L’album s’ouvre sur une série de planches semblant mêler deux époques distinctes avec, dans les phylactères, des citations tirées du prologue de l’Odyssée. Deux scènes se jouent en parallèle : le naufrage d’Ulysse sur son radeau de fortune et l’incendie d’une maison dont on ignore encore tout. Néanmoins si l’histoire d’Ulysse apparait en filigrane, il n’est pas le personnage principal de ce roman graphique. Les premières images de tempête et d’apocalypse font rapidement place à un décor plus serein. Nous sommes sur le port d’Istanbul, sans doute entre la fin du 19ème siècle et le début du 20ème siècle (ceux qui ont lu Le voyage d’Anna, premier volet indépendant du triptyque, connaissent sans doute la chronologie exacte).
Jules Toulet, jeune peintre sans le sou, ne rêve pratiquement que de voyage et d’aventure. Il espère aussi retrouver la trace de sa muse disparue : une certaine Anna ! Malheureusement pour lui, aucun marin n’a envie de s’embarrasser d’un artiste en mer. Finalement, le hasard place notre héros sur le chemin de Salomé Ziegler, jeune femme énigmatique et anticonformiste à la beauté ravageuse. Elle est propriétaire d’un navire nommé l’Odysseus. La capitaine accepte de prendre Jules à son bord à deux conditions. D’abord, il devra peintre une toile par semaine ; ensuite, il devra aider Salomé dans sa propre quête. La jeune femme souhaite en effet retrouver un peintre appelé Ammôn Kasacz dont les toiles sont des représentations des épisodes de L’Odyssée.

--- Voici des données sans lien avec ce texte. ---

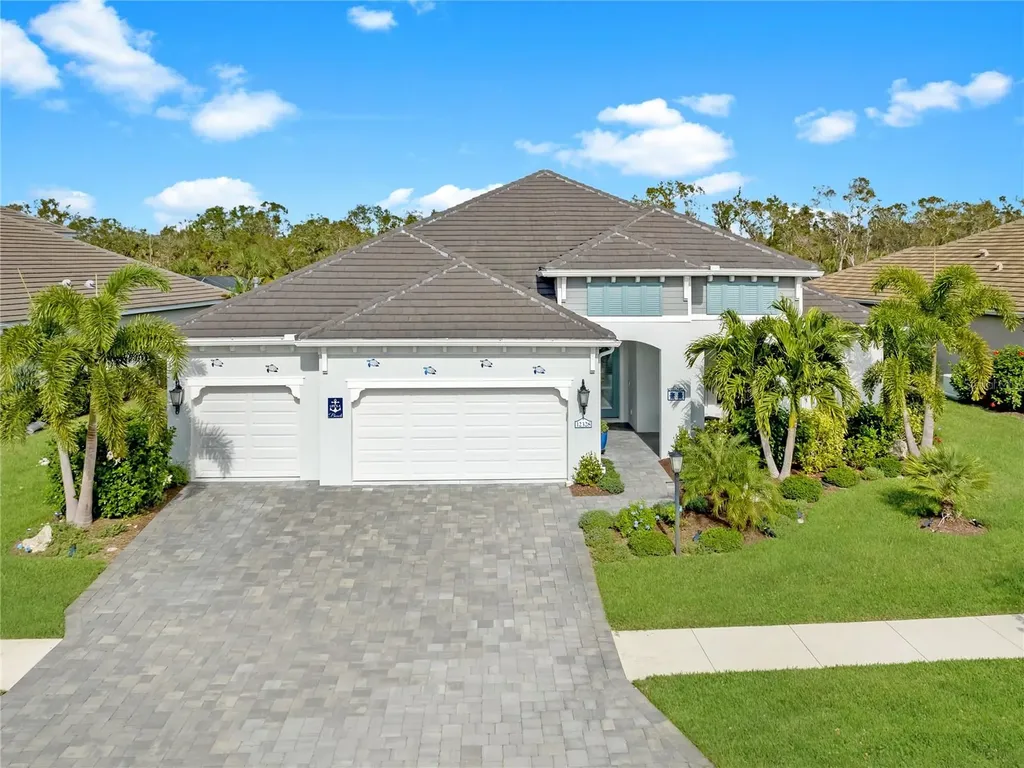 12328 Auburndale Court Venice FL 34293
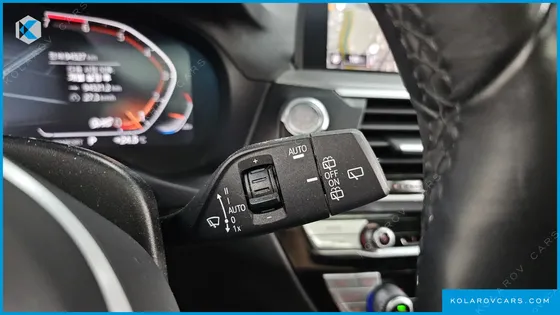 BMW X3 XDRIVE 20I M SPORT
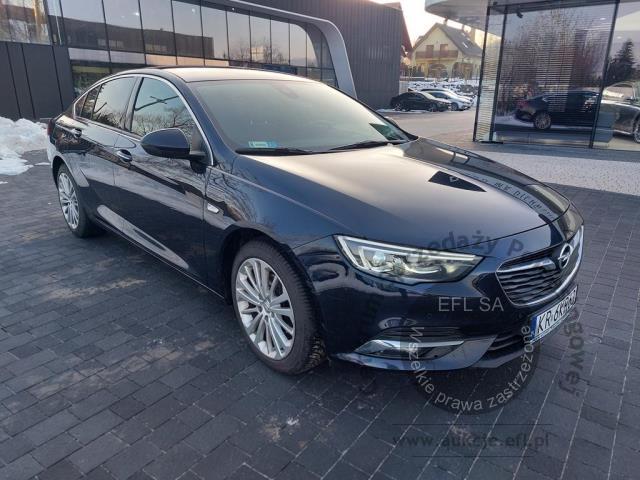 3 - OPEL INSIGNIA GRAND SPORT 2019r. KR6KR63 Uwaga! Pojazd znajduje się w firmie AACAR sp. z o.o. Jawornik 90, 32-400 Myślenice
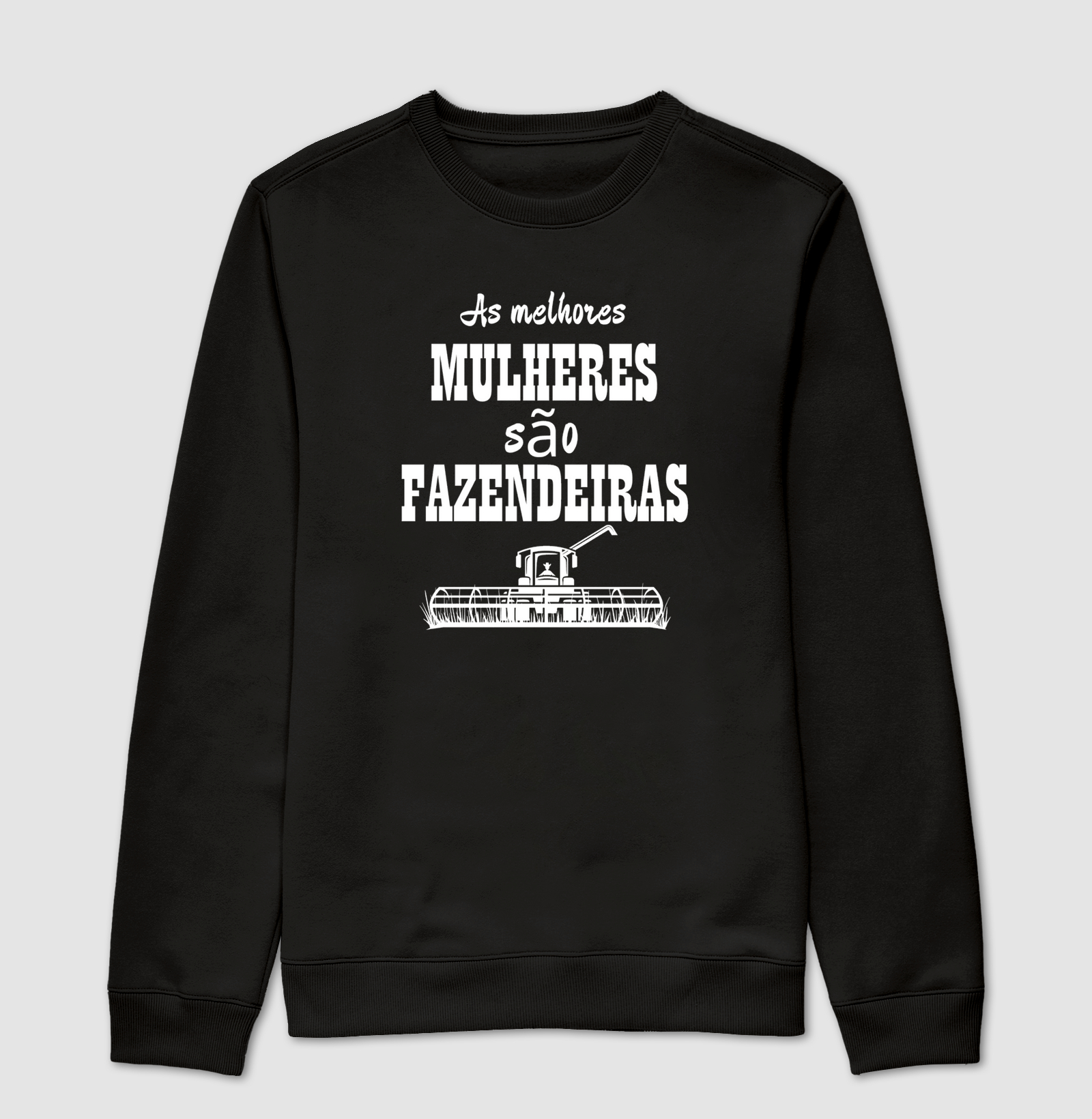 As Melhores do Agro 1.0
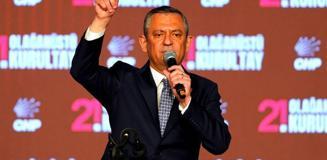 CHP Genel Başkanı Özgür Özel: Bugün bize yapılan saldırıyı hiçbir siyasi partiye mal etmiyorum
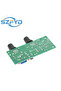 10-24V Subwoofer Preamp Board - Low Pass Filter, Single Power Supply, Front Output Audio Module - 2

Le pacte scellé va conduire nos deux héros dans un périple qui les amènera à traverser la Méditerranée, depuis la Turquie, en passant par l’Egypte, Gibraltar et la Grèce.
Une intrigue à la hauteur des illustrations donc, qui aborde de nombreux thèmes dont certains avec une résonnance féministe. Rappelons ici que Sophie Michel et Emmanuel Lepage ont également publié ensemble la série Oh, les filles chez Futuropolis.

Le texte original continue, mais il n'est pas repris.